Pamlico Capital
- Company type: Private company
- Industry: Private equity
- Predecessor: First Union Capital Partners Wachovia Capital Partners
- Founded: 1988; 38 years ago
- Headquarters: Charlotte, North Carolina, United States
- Products: Growth capital, Leveraged buyout
- Total assets: $3.5 billion
- Number of employees: 30+
- Parent: First Union (prior) Wachovia (prior) Wells Fargo (prior)
- Website: www.pamlicocapital.com

= Pamlico Capital =

American private equity firm focused on growth capital and leveraged buyout investments

Pamlico Capital, which was formerly called First Union Capital Partners and then Wachovia Capital Partners, is an independent private equity firm focused on growth capital and leveraged buyout investments in middle-market companies in the business services, technology services, telecommunications and healthcare industries.

The firm, which is based in Charlotte, North Carolina, was founded in 1988 as the private equity investment arm of First Union Corporation. The firm has invested approximately $3.8 billion in more than 200 companies since inception across two funds.

The firm is named for the Pamlico Sound, which is located in North Carolina.

==Investments==
Among the firm's notable investments are Daxko, Dexter & Chaney, Lightower Fiber Networks, MetaMetrics, Secure-24, Service Express, symplr, TMW Systems and Wilcon.

==Spinout from Wells Fargo==

Wachovia Capital Partners logo

Founded as First Union Capital Partners in 1988, the firm served as the private equity investment arm of First Union, a commercial bank based in Charlotte. The firm changed its name to Wachovia Capital Partners following the merger of First Union and Wachovia in 2001, under Managing Partners Scott Perper, currently serving as Head of Pamlico Capital, and Ted Gardner.

In 2005, Frederick (Eric) W. Eubank and L. Watts Hamrick, among the original partners at conception of First Union Capital Partners, were named Managing Partners of the firm alongside Scott Perper, Chief Financial Officer Tracey M. Chaffin, and Partners: Art C. Roselle, Walker C. Simmons, and Scott R. Stevens; all of whom remain with the firm to date.

As a captive private equity investment arm, the firm focused on growth capital, leveraged buyout and mezzanine capital investments in middle-market companies across a range of industries.
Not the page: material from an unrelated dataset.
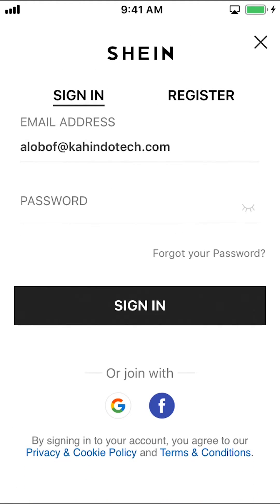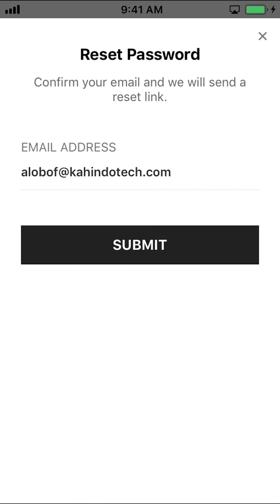Then you can open this main screen right here. Make sure you tap where it says Forgot Your Password — as you see down there, make sure you tap Forgot Your Password. Then on the next screen, make sure you have the correct email entered there and tap Submit.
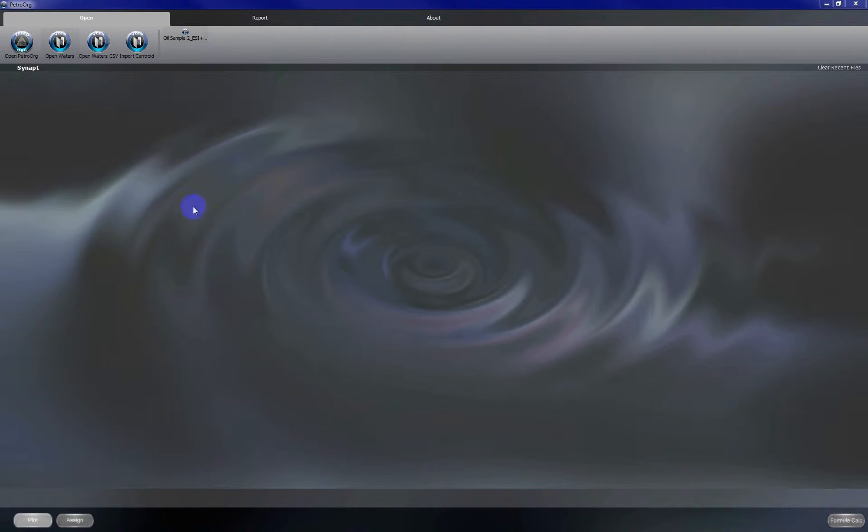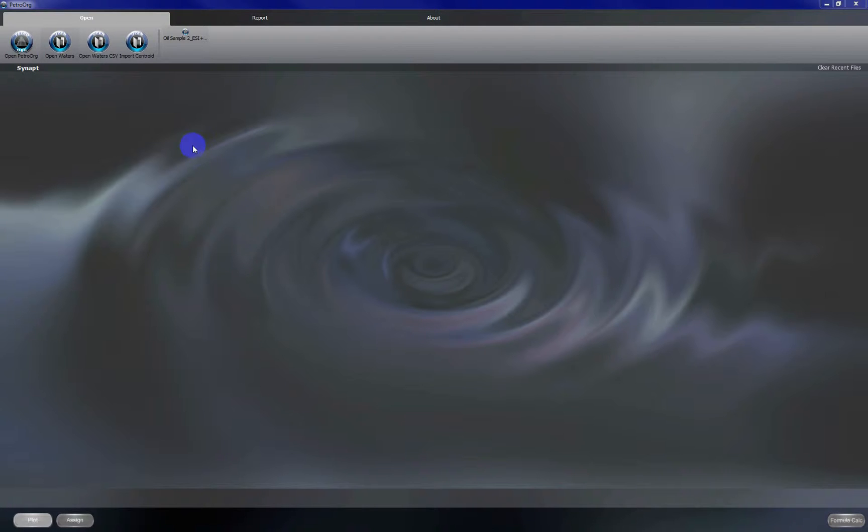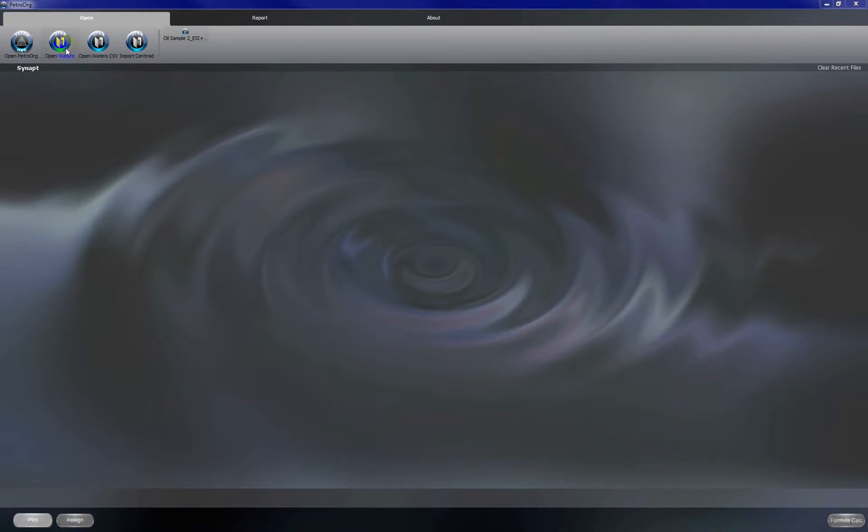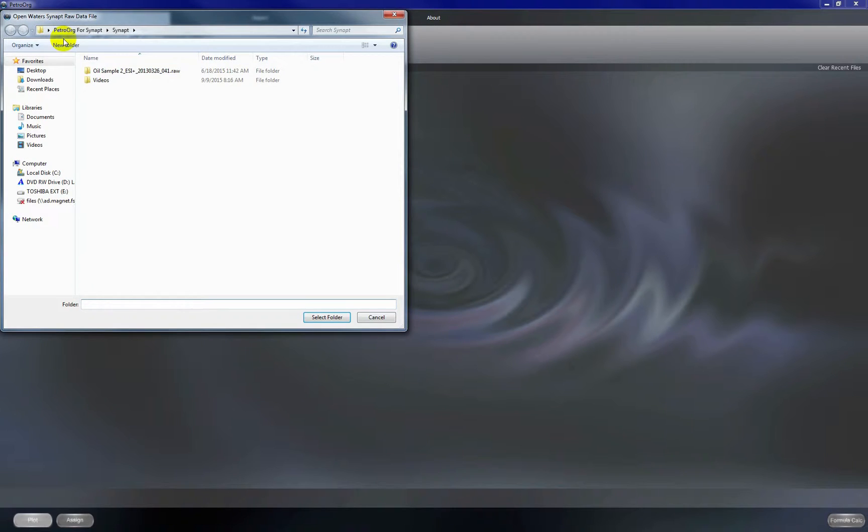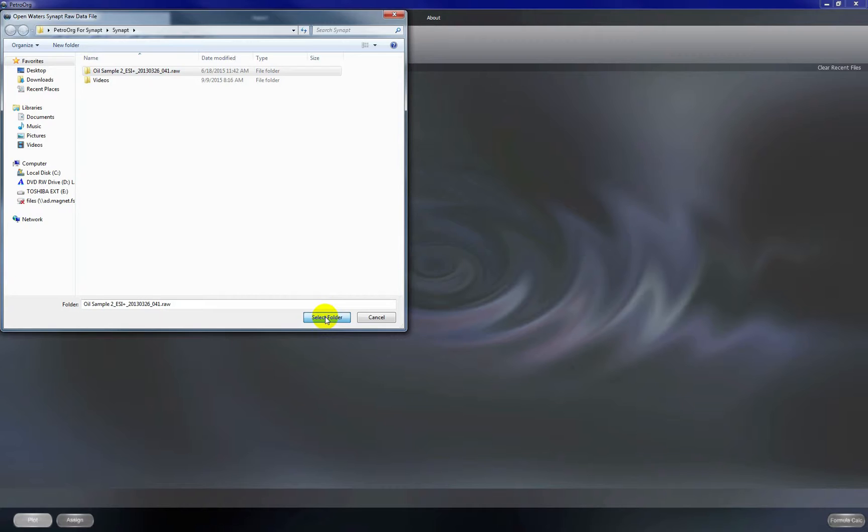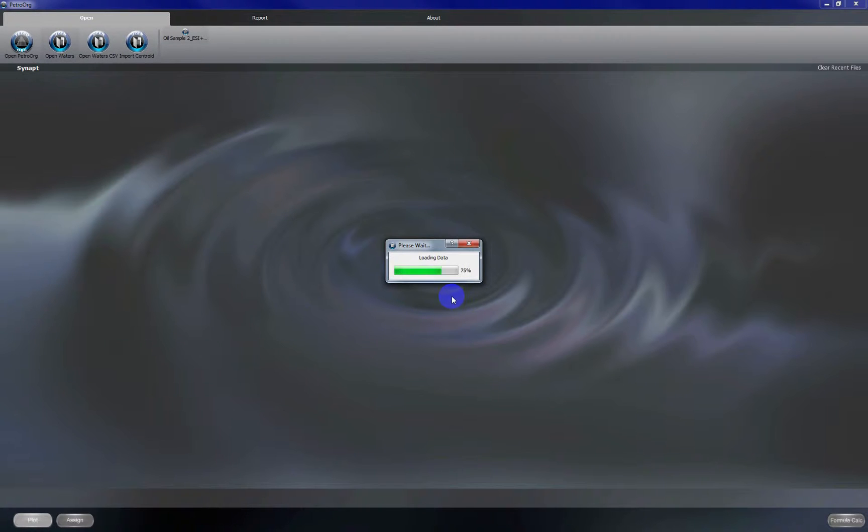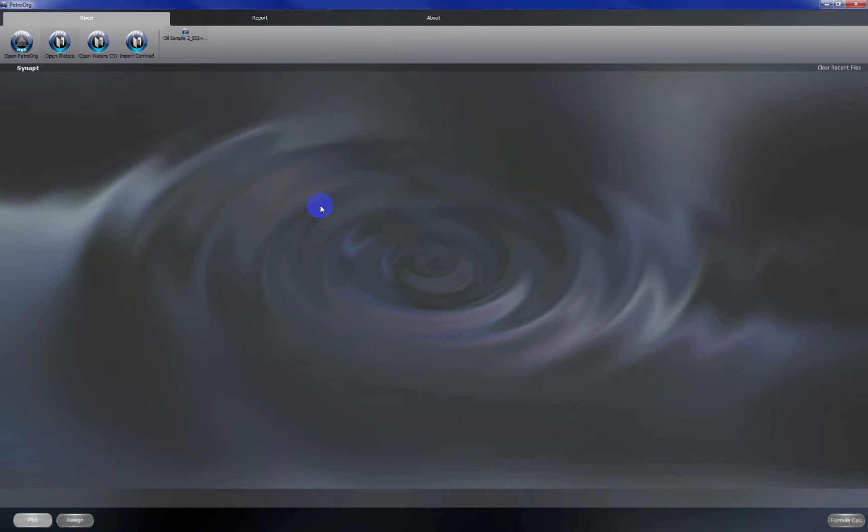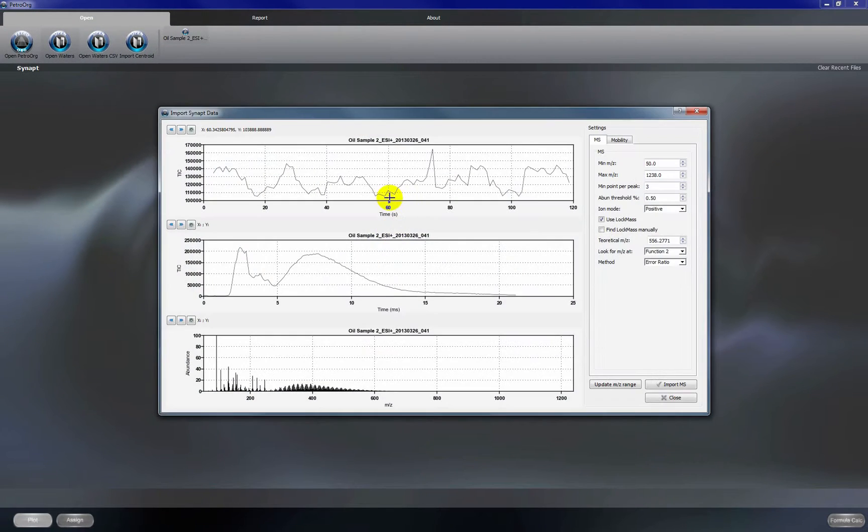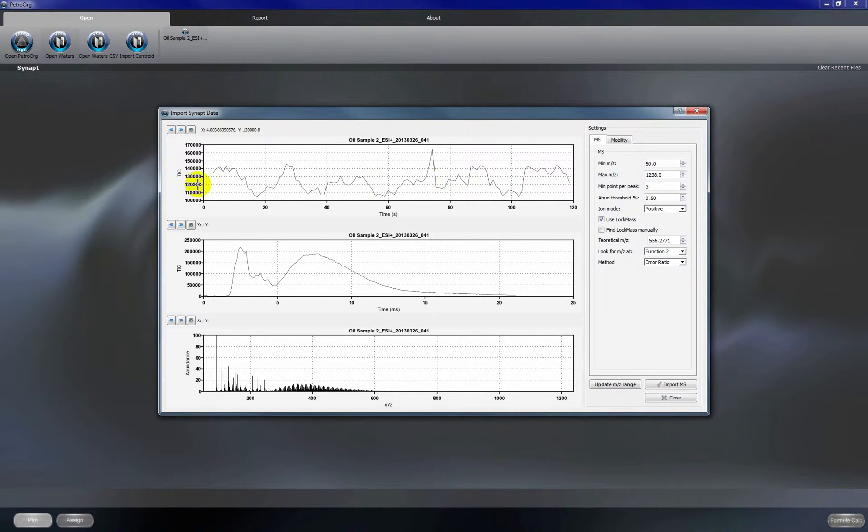This video is going to show us how to open Synapt data with the PetroOrg software and how to import the data for data processing with PetroOrg. So the first thing we're going to do is click the open Waters tab and select the file of interest. Click select folder and this is going to open up a dialog box for us.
The firm invested both as the lead investor or an equity co-investor alongside other financial sponsors.

During the 2008 financial crisis, the firm's parent, Wachovia was acquired by Wells Fargo, which had an existing private equity platform, Norwest Equity Partners. In March 2010, the firm completed a spinout from Wells Fargo.

==Pamlico Capital Funds==

In October 2013, Pamlico Capital closed Fund III at $650 million, well-exceeding the original goal of $500 million. Pamlico Capital III is the first fund raised after the spin-out from Wells Fargo in 2010. While previous Funds had a majority investment from the financial institution, Pamlico Capital III exclusively includes outside investors: AlpInvest Partners, Constitution Capital Partners, GE Pension Trust, HarbourVest Partners, affiliates of Hartford Investment Management Company (HIMCO), HOOPP Capital Partners (the private equity arm of the Healthcare of Ontario Pension Plan), John Hancock Financial Services, SCM Strategic Capital Management, AG and TIAA-CREF.

Three years later in November 2016, Pamlico Capital closed Fund IV at the hard cap with total commitments of $910 million. Pamlico Capital IV (PC IV) raised its capital in only four months, was oversubscribed and significantly exceeded the original $750 million target.

In February 2020, the firm closed its fifth fund, Pamlico Capital V (PC V). PC V was well oversubscribed with demand from existing and new investors materially surpassing the original $1.25 billion target. As with Pamlico’s previous funds, PC V will seek equity investments of $25 million to $125 million in growing companies with total enterprise values of between $50 million and $350 million.